TO DO: Using the data below, transcribe exactly everything from the line that contains "Lenovo Legion 5" down to the line that contains "LR097165 - Водяний". Include both of those lines and none of the pictures.

LISTED RECORDS section start

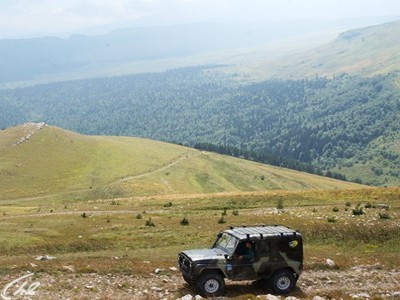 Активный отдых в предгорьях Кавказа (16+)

LISTED RECORDS section end
LISTED RECORDS section start

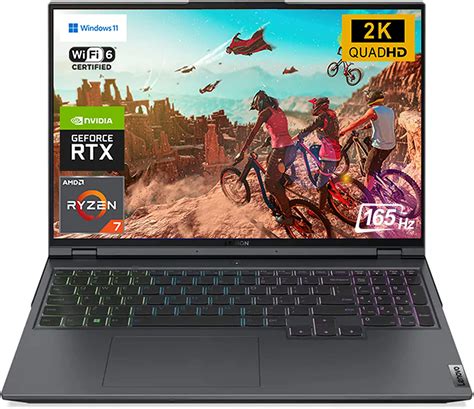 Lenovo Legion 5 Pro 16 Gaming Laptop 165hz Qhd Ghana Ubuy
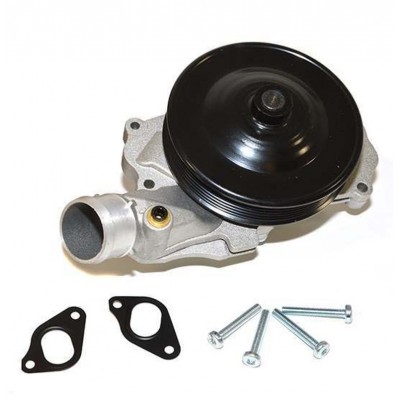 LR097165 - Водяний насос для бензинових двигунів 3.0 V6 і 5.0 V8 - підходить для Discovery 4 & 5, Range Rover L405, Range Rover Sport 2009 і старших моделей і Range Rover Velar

LISTED RECORDS section end

TASK RESPONSE:
 Lenovo Legion 5 Pro 16 Gaming Laptop 165hz Qhd Ghana Ubuy
 LR097165 - Водяний насос для бензинових двигунів 3.0 V6 і 5.0 V8 - підходить для Discovery 4 & 5, Range Rover L405, Range Rover Sport 2009 і старших моделей і Range Rover Velar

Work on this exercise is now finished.